Não devemos querer que as pessoas falem um português padrão em todas as situações, pois a linguagem é flexível e adequável.
Imagine se você vai até a padaria e vislumbrado com um belo bolo exclama: _ Dar-me-ia um pedaço deste bolo para que pudesse degustá-lo? Ou se meu pai, com toda sua sabedoria, lá em sua vida pacata na linha 23, no Projeto Sidney Girão, fosse obrigado a falar uma variedade padrão? Sempre brinco que ele “precura” e o melhor é que, mesmo “precurando”, ele acha.
Para Bagno, escritor renomado, que defende a luta contra o preconceito linguístico, essas picuinhas reafirmam uma defesa de uma linguagem que não condiz com a identidade de seus falantes. Imaginem se alguma menina terminaria um namoro porque o namorado a chamou para assistir “o filme” e não “ao filme” como rege a regra de regência? Será que o açougueiro não saberia atender um cliente que pedisse dez real de carne?
O que pretendo frisar aqui, não é a defesa do “nós fumo , nós vai”, mas o respeito ao falante de nossa língua portuguesa.

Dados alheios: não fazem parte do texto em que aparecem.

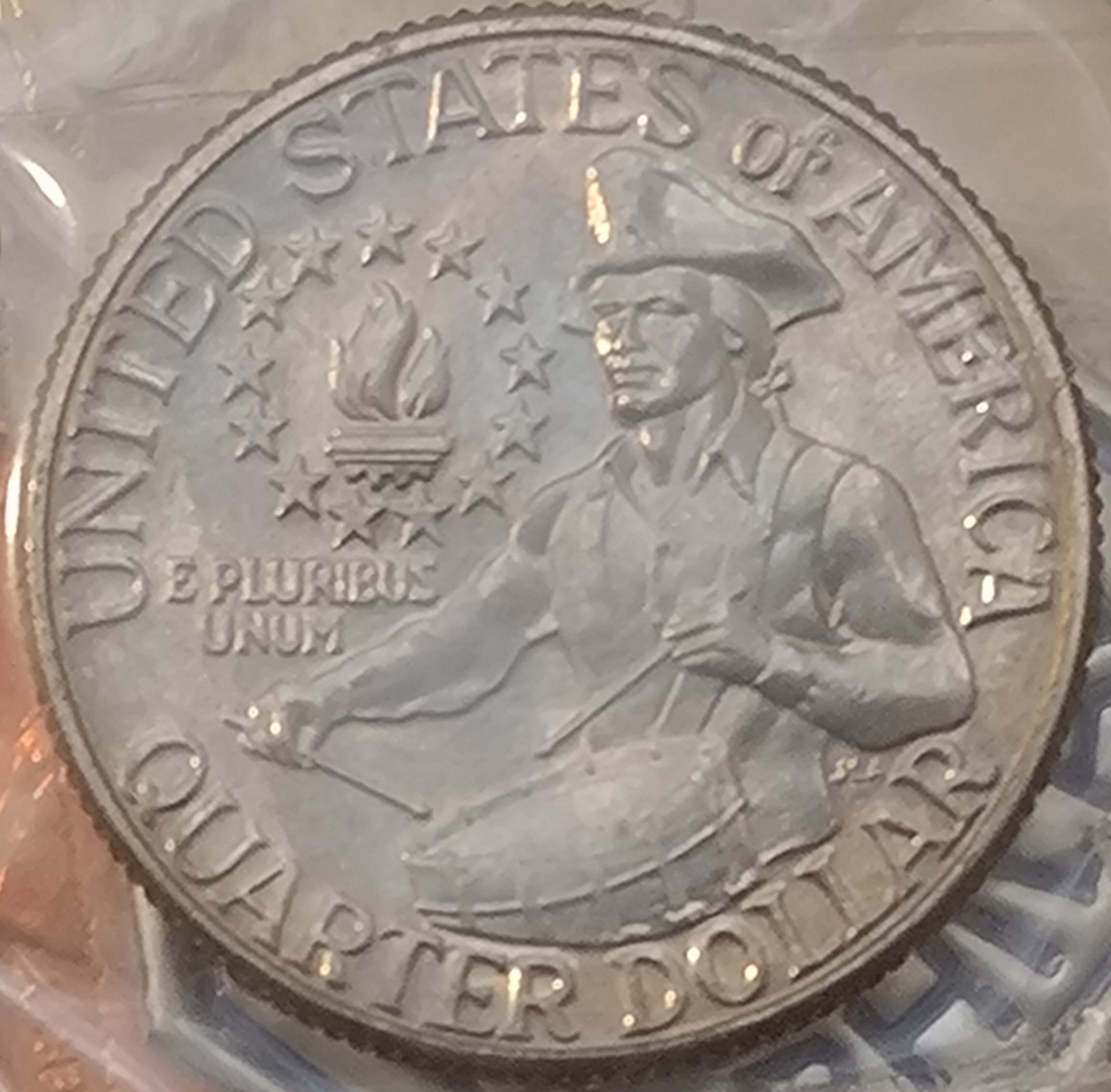 1776-1976-Bicentennial-Quarters-Business-Strike-Grading?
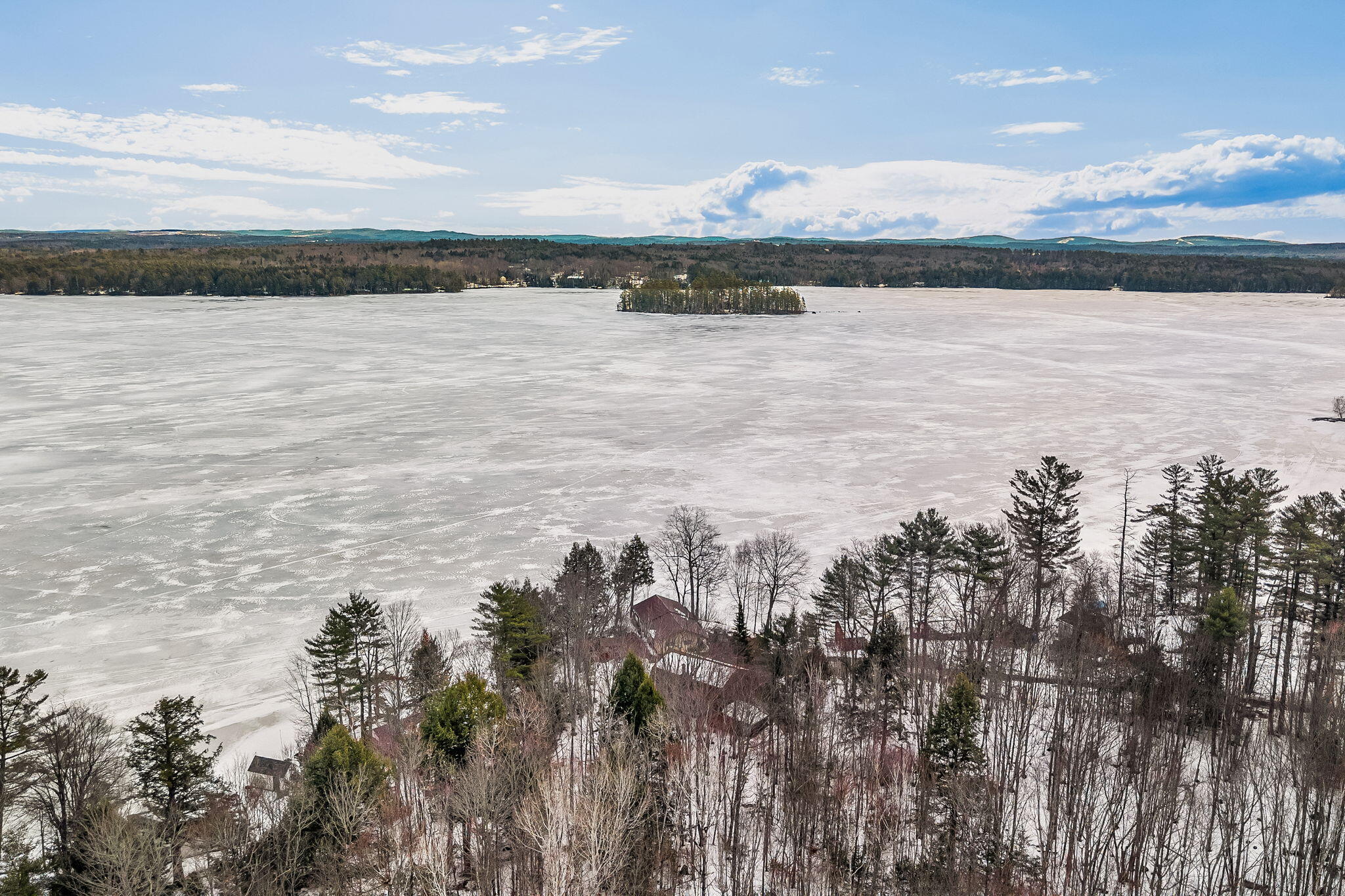 37 Williams Road Vassalboro, ME 04989 - Photo 145 of 164 4-web-or-mls-37-williams-rd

O respeito aos saberes, pois não são úteis em todas as situações, tendo em vista que em caso de um afogamento, de nada me valerá saber as regras de acentuação gráfica, tenho que saber nadar!
O papel da escola e de nós professores não é impor uma maneira de falar, mais sim oferecer aos alunos uma ampliação das competências linguísticas e comunicativas para que os mesmos possam aprender as variedades e, de acordo com as circunstâncias, aplicá-las.
Temos que lhes dar a oportunidade de escolher, pois como disse acima, em algumas situações é inadequado usar este ou aquele tipo de variação. Se um palestrante que falará sobre a aplicação das regras gramaticais cometer desvio da linguagem padrão é inadequado, todavia um professor de língua portuguesa usar expressões retóricas em um espaço informal também é inadequado.
Essa discussão me fez lembrar um trecho de uma música que diz: “ Deixe que digam, que pensem, que falem, deixe isso pra lá, vem pra cá, o que que tem? Eu não tô fazendo nada, você também. Que tal bater um papo assim gostoso com alguém?
A linguagem tem essa magia. E a linguagem despreocupada é ainda mais gostosa: a palavra carinhosa do amigo, os apelidinhos dos casais sussurrados ao pé do ouvido, as palavras de gentileza.
Toda essa troca na hora da comunicação faz como que a linguagem seja um elemento de aproximação. Todavia devemos ter muito cuidado, haja vista que a mesma língua que aproxima pode ser uma poderosa arma de exclusão entre os falantes.

Comentários

  1. Deveria ser postado no UOL Vestibular em Julho xD - Só pra ver que nota levaria.